Yes my mother was horrified, my dad said nothing, and my brothers thought it was awesome. Why did I do it? Why did I wait until sophomore year of college, and 19 years-old? How come I got my eyebrow pierced before I even got my ears pierced? TO LOOK OLDER.

Taken shortly after "IT" happened. 
It was my second year in college and I was tired of being spoken to like a child everywhere I went. Somehow being alone in the world, without my parents, the way other people treated me became more noticeable. I hadn't noticed it until then, but I s'pose having my family and parents around was like having a shield to fend off blatant stares, condescending voices, and crude questioning. Just like any other 19 year-old I wanted to reach my 20's faster, I wanted to prove to myself that I was capable of "being older," but most of all I wanted to prove to all the strangers I passed on the street that I AM FINE.. AND DON'T NEED YOUR HELP. Four years later I realize how much fun that stage in life was for me, but also how silly at the same time. Through internships, work experience, the dating scene, and the help of friends & family - I realized that it's not at all about how "child-like" in stature one might be, but it's about poise and how you hold yourself. There's a confidence that I have gained in my life experiences that have helped me to gain a person's respect and feel less like I'm actually the same height as their leg.
The moment I realized that empowering myself allowed my diminished physical size to seem much greater was a time that I will never forget. It's as important to me as when I first started walking. There's a sense of independence, confidence, and accomplishment that is unique to me and something I can claim as my very own. If I could give every disabled individual something I would give them their own moment of that realization.

Suggestions on 'Seeming Older': 
  • It starts from the inside. If you believe that you should no longer be considered a child, it doesn't matter if your voice is high-pitched or you're the size of a 6 year-old. In this case actions speak louder than images. Act the way you'd like to be treated.
  • Being smaller means that you probably wear smaller clothes. But this doesn't mean you are stuck with clothes with child-like images and silly slogans on your (professional) attire. There are many tailors around who are able to create appropriate jackets, blazers, pants, slacks, skirts, button ups etc. Another suggestion is to buy smaller sizes of adult clothing and or get them altered. 

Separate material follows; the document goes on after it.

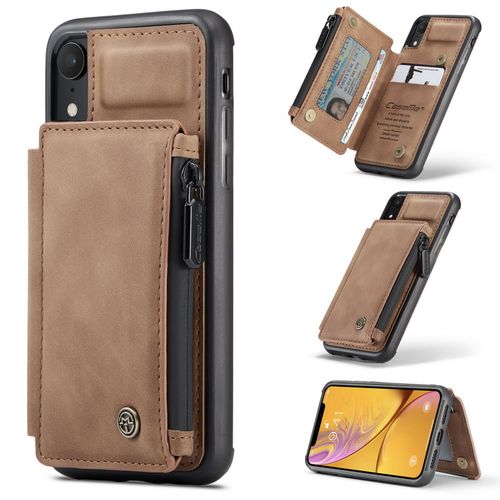 Coque Iphone Xr,Etui Portefeuille 3 Emplacements Pour Cartes, 1 Money Pocket,Portefeuille À Fermeture À Glissière Pour Étui Iphone Xr,Marron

  • This tip took me years to learn on my own, but there is a way to look at someone without tilting your head upwards 45 degrees with your mouth gaping open. Look INTO the person as opposed to UP AT the person. When meeting someone new, meet their eye-contact as soon as possible. The 'playing-field' will already be half-leveled before you know it. (This takes lots of experience and practice,especially if you're like me and rather shy!)

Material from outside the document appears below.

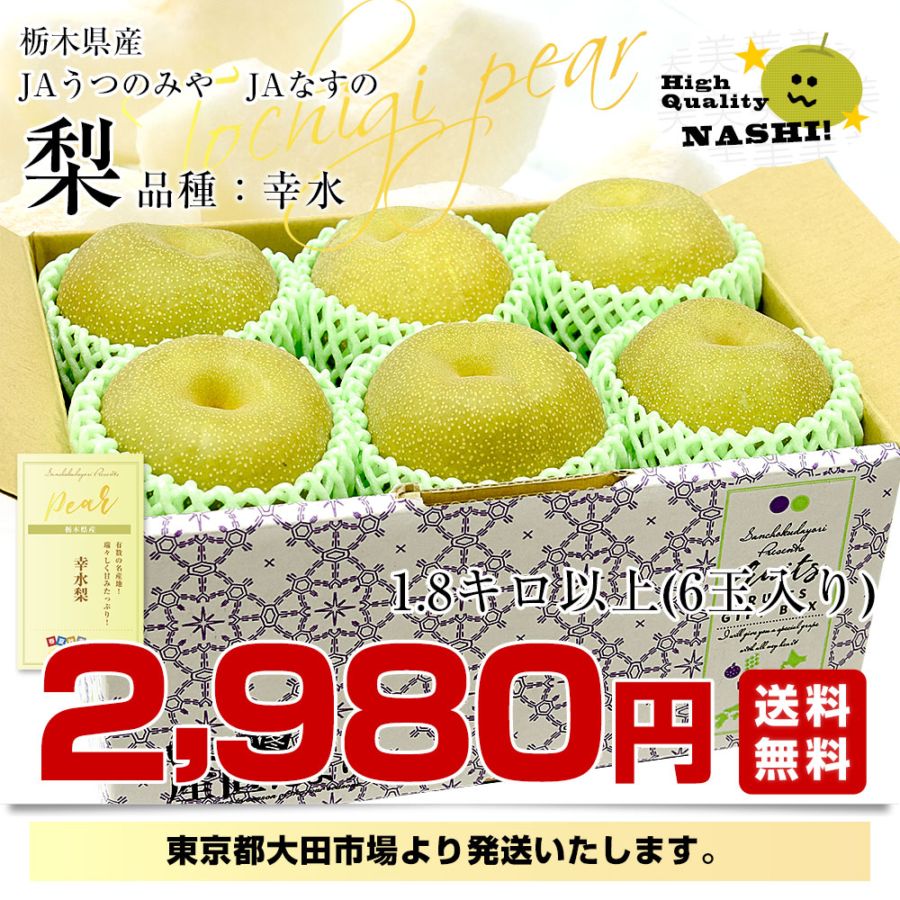 栃木県産 「梨」 品種：幸水 1.8キロ以上 (6玉) 送料無料 なし ナシ 幸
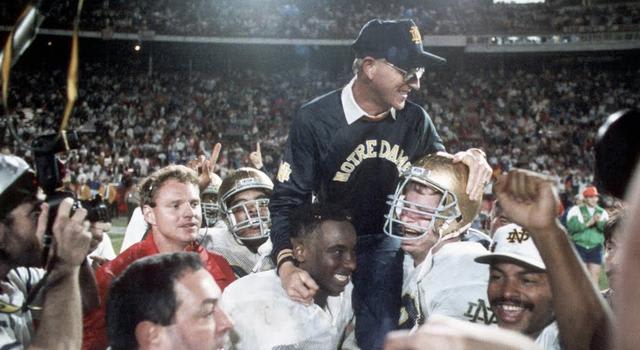 Notre Dame won a school record 23 straight games in 1988-89 under Holtz.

  • If you are fidgety, try not to be fidgety with your wheelchair or other assistive device. Constantly fiddling with your joystick, belt buckle, or gripping your wheels will tend to draw more attention to the image of being disabled. 

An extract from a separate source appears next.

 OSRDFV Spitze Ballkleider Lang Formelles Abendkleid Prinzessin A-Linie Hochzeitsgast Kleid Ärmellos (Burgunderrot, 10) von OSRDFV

  • DO NOT be afraid to ask for help. Knowing what you need and how to get what you need is a sign of mature insight. 
  • If you find yourself in a situation where you are being treated in a condescending way, it's YOUR responsibility to change it... in a way that is respectful, considerate, and try not to burn bridges as you do so. Sometimes saying something like "well it's good to know I'm aging so well, but I'm actually..." or "Can we find a place for you to sit as well instead of kneeling uncomfortably?" Making light of the situation, or changing it to 'accommodate' the other person tends to do the trick!